No sir I don't have it at all.


----------



## Masterchiefxx17 (Feb 27, 2010)

Have you selected the Advanced Options from the menu and selected Safe Mode?


----------



## jacal78 (Jan 15, 2009)

If I go to AO all I see is System Restore, CMD, System Image recovery, UEFI Firmware Settings, Auto Repair, Startup Settings. What you think?


----------



## jacal78 (Jan 15, 2009)

Ok Master if I click Startup Settings and hit Restart it brings me to a window where I can choose all safe modes available for use...


----------



## jacal78 (Jan 15, 2009)

If I choose safe Mode, it still brings the Preparing for Automatic Repairs


----------



## jacal78 (Jan 15, 2009)

Any ideas Master


----------



## Masterchiefxx17 (Feb 27, 2010)

Run a system restore to a day before the issue started to happen.


----------



## jacal78 (Jan 15, 2009)

I cant it wont let me do it for some reason...but let me try something else instead


----------



## joeten (Dec 4, 2008)

You still have System Image recovery if nothing else works


----------



## OldGrayGary (Jun 29, 2006)

If all your efforts keep giving "cannot repair" or give error messages, there is a chance that your PC might have developed a hardware issue (it can happen to newer computers as well as older). In the absence of a known clean write-protected source for the Windows 8 files (such as a DVD), there could also be a malware presence complicating things.
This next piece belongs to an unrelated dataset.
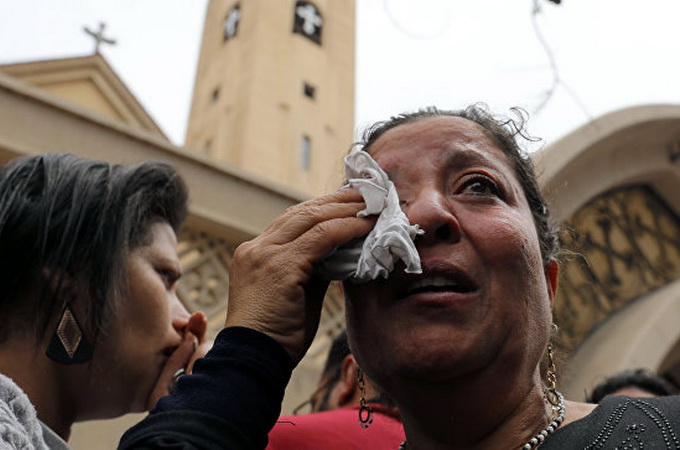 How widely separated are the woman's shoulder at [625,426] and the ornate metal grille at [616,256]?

To check the system hardware, I'd recommend running diagnostics on the hard drive and system memory. Use a different computer to create a "UBCD" ("Ultimate Boot CD"), and use that CD to start your problem computer. The UBCD is completely free, and contains diagnostics for most hard drives and memory. I recommend using Memtest86+. Use the hard drive utility that matches the manufacturer of your hard drive. If you don't see your manufacturer in the list, use the IBM/Hitachi Drive Fitness Test - it can run generic tests on most any hard drive. Run the Extended tests to be certain of the drive's condition. You can find the iso file and complete instructions on the UBCD website --- Ultimate Boot CD - Overview

If you find hardware failures while running your diagnostics, make a note of the issues, so you can forward that information to HP: it should make their repairs go more quickly if you need to send it in for warranty repair.
__________


Also:
You can use "Rescue CD" antivirus scanners to make sure your files aren't infested with malware - or clean them if they are. Once your most important files are proven malware-free, make a backup - if you don't already have one. You can backup by booting from a Linux Live CD, or by attaching your hard drive to another computer (but not booting from it). Reasonably good Live "Rescue CDs" can be downloaded for free from AVG -- AVG | Data Recovery | AVG Rescue CD ----- Avira -- Download Avira Rescue System | Official Website ----- Microsoft -- What is Windows Defender Offline? 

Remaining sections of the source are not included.